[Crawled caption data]
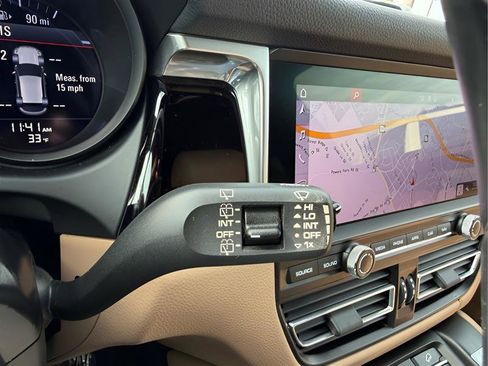 Used 2021 Porsche Macan S image 61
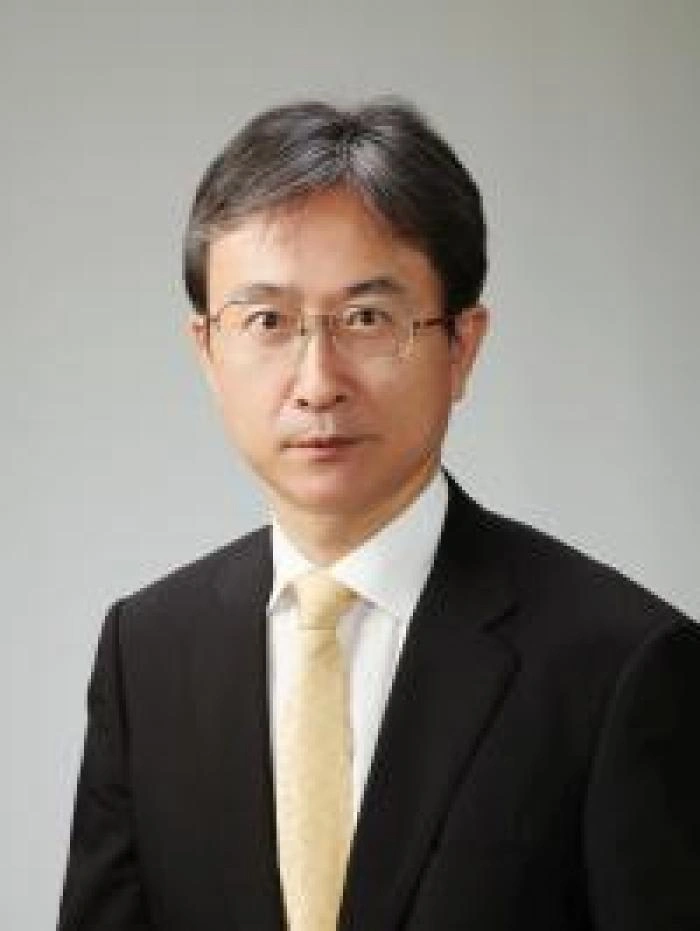 Shuzo Takada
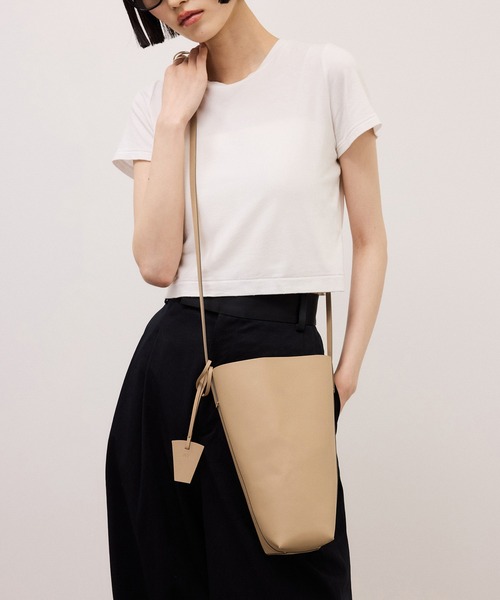 ADAM ET ROPE'(アダムエロペ)の「【PFT】Crepe Small Bag(ショルダーバッグ・レディース・ブラック/ベージュ・FREE)」の11枚目の写真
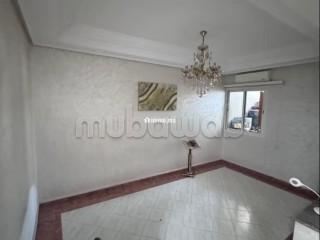 Appt en plein Boulevard en Face du CFC - Appartement à vendre - Casablanca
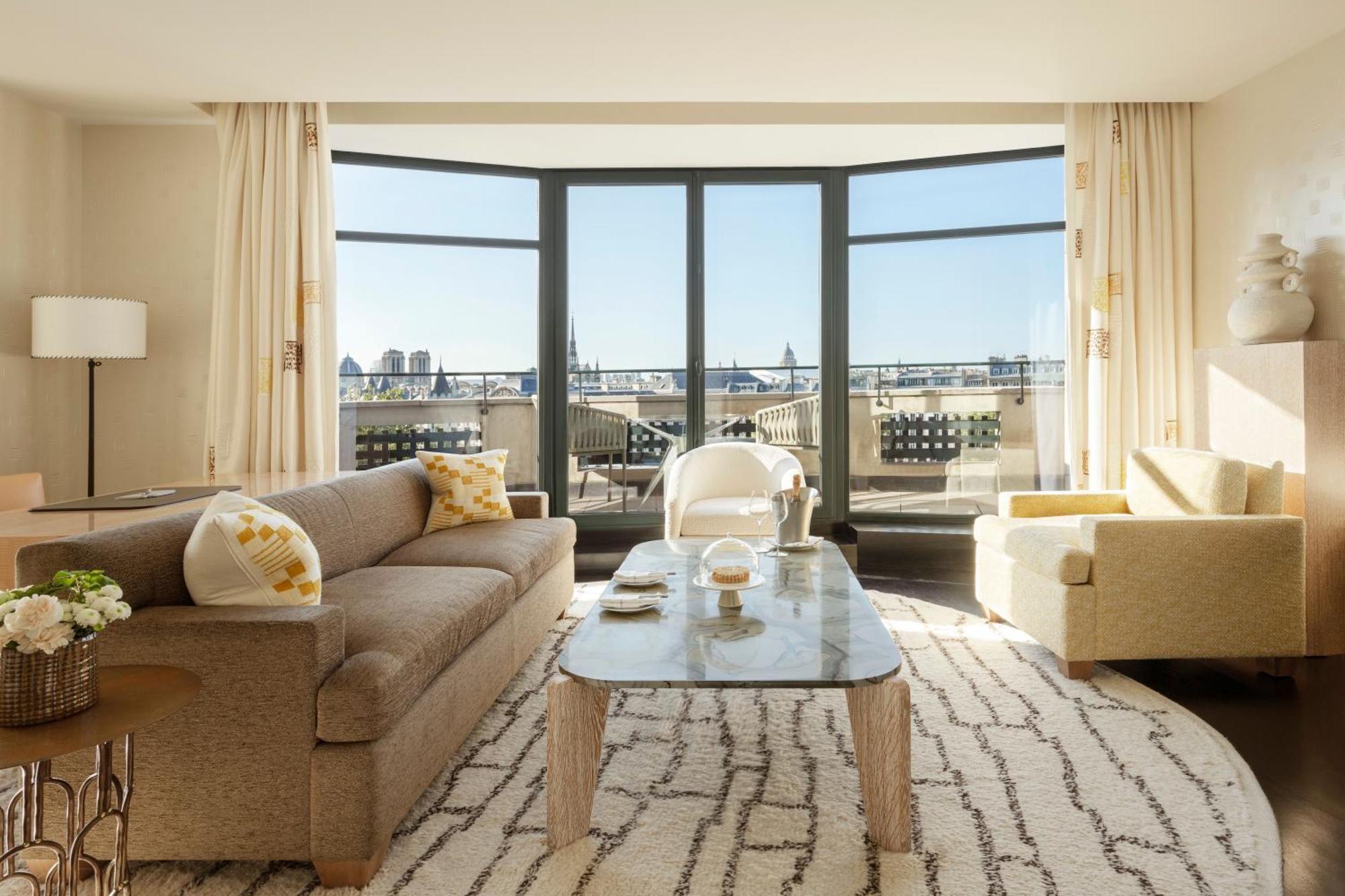 Notre-Dame Suite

■ Task objective
Copy only this, please: the line with "Appt en plein" and every line after it through the end of the data, with no pictures.

■ Result of the exercise
 Appt en plein Boulevard en Face du CFC - Appartement à vendre - Casablanca
 Notre-Dame Suite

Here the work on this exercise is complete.